**Task statement:**
Beginning at the line that holds "Ballyscanlon, Crossmolina, F26KA0C", transcribe each line exactly through the end of the records, and leave any pictures out.

**Records supplied:**
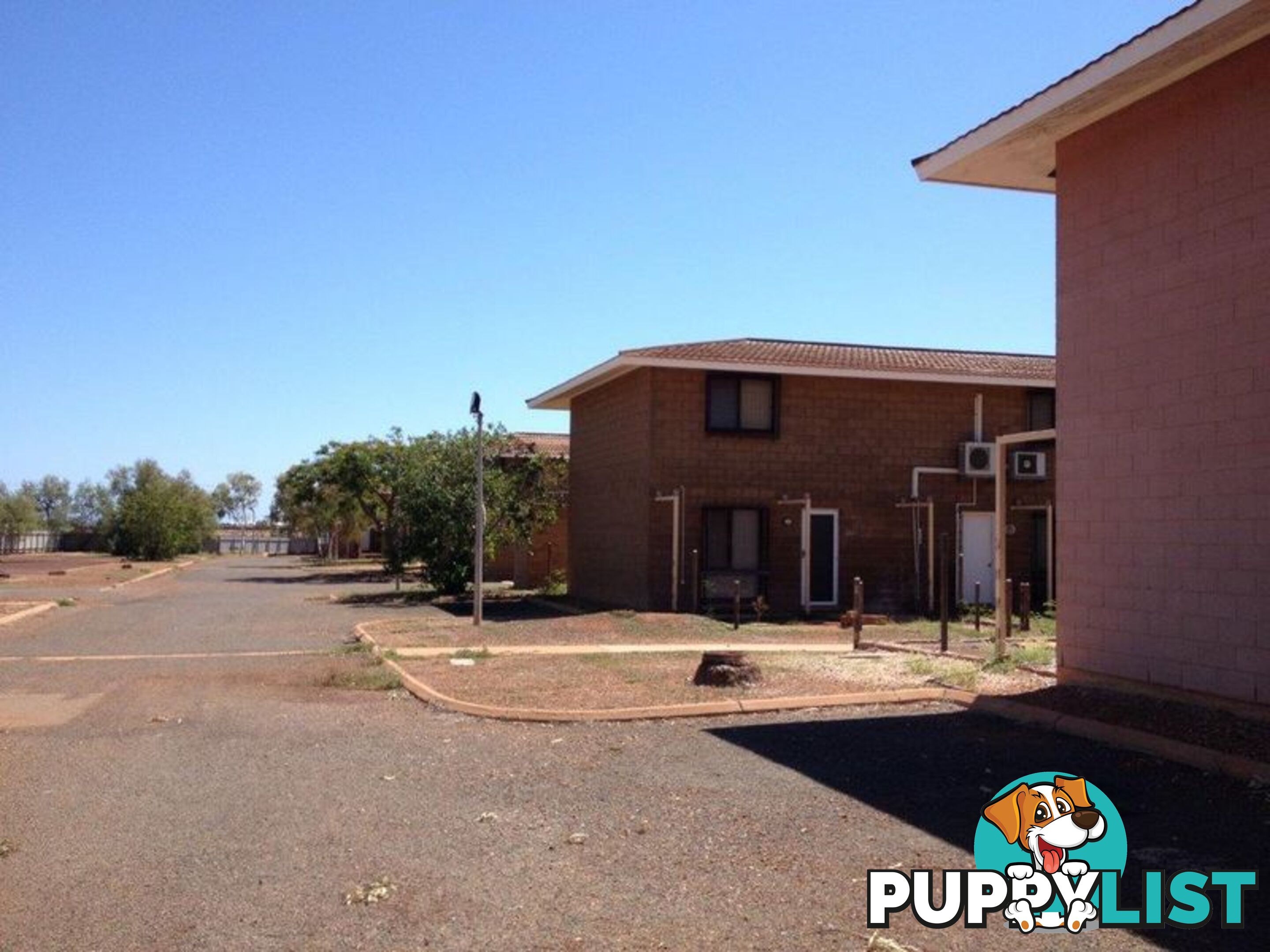 16 Nairn Street KARRATHA WA 6714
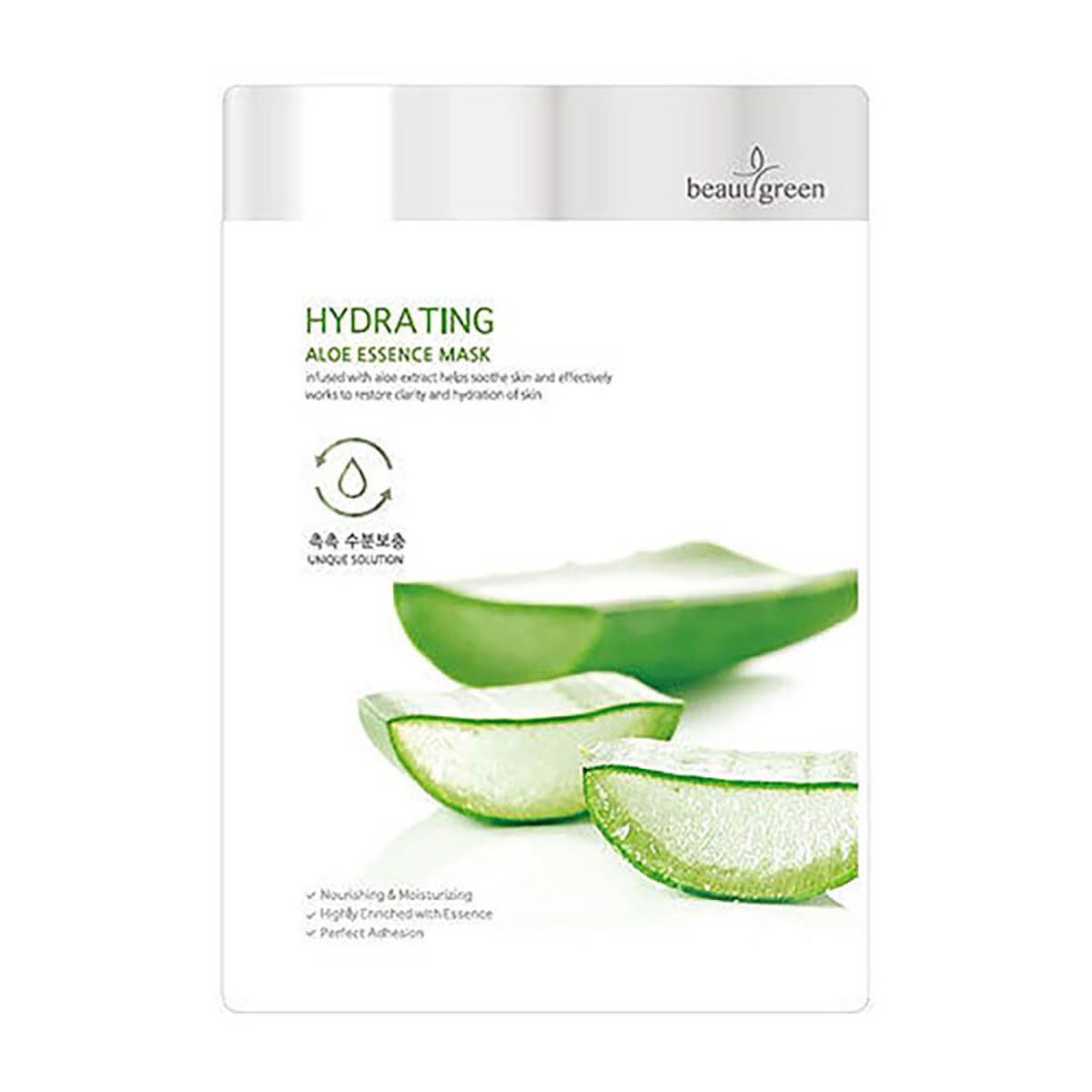 Beauugreen Aloe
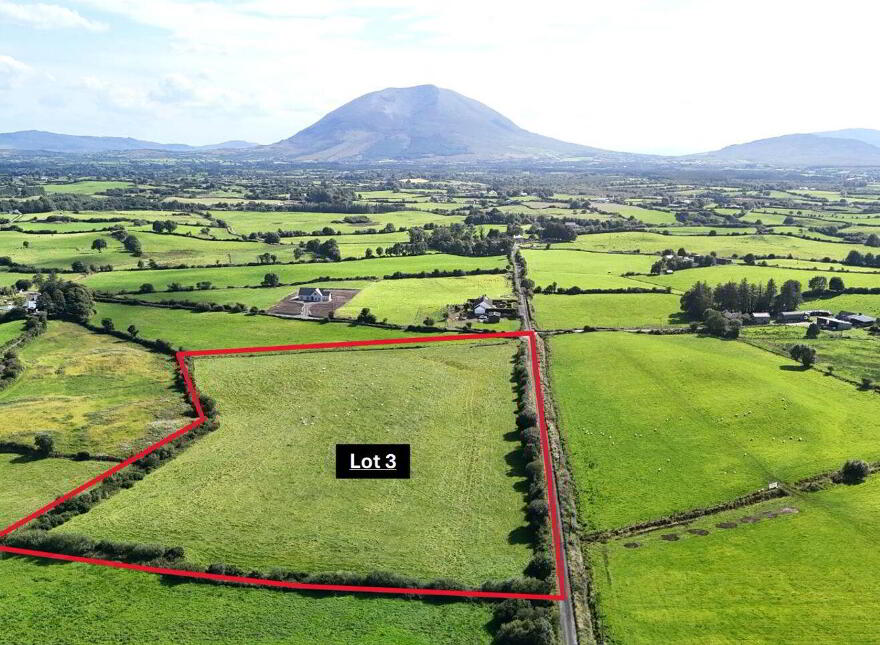 Ballyscanlon, Crossmolina, F26KA0C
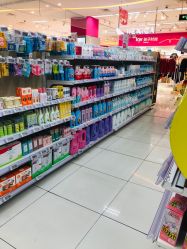 -孩子王童乐园(上海青浦吾悦广场店)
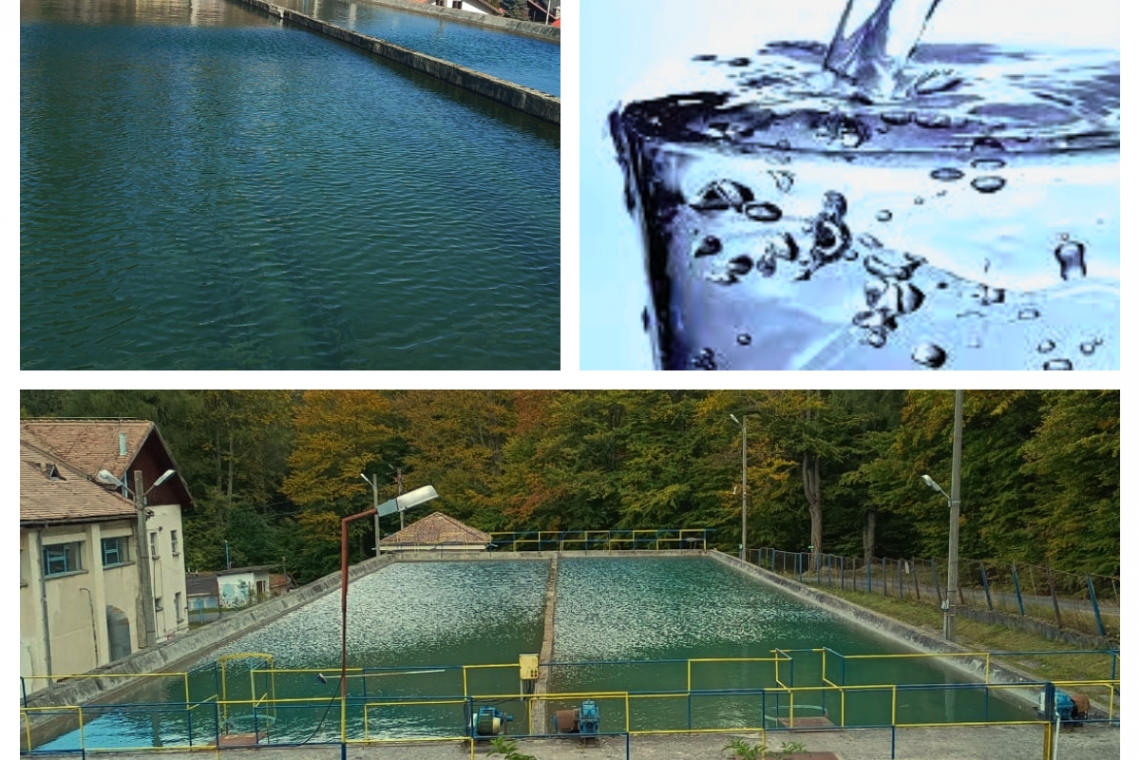 HIDRO PRAHOVA SA – Buletin informativ privind calitatea apei în Prahova, emis în data de 16 februarie 2024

**Output:**
 Ballyscanlon, Crossmolina, F26KA0C
 -孩子王童乐园(上海青浦吾悦广场店)
 HIDRO PRAHOVA SA – Buletin informativ privind calitatea apei în Prahova, emis în data de 16 februarie 2024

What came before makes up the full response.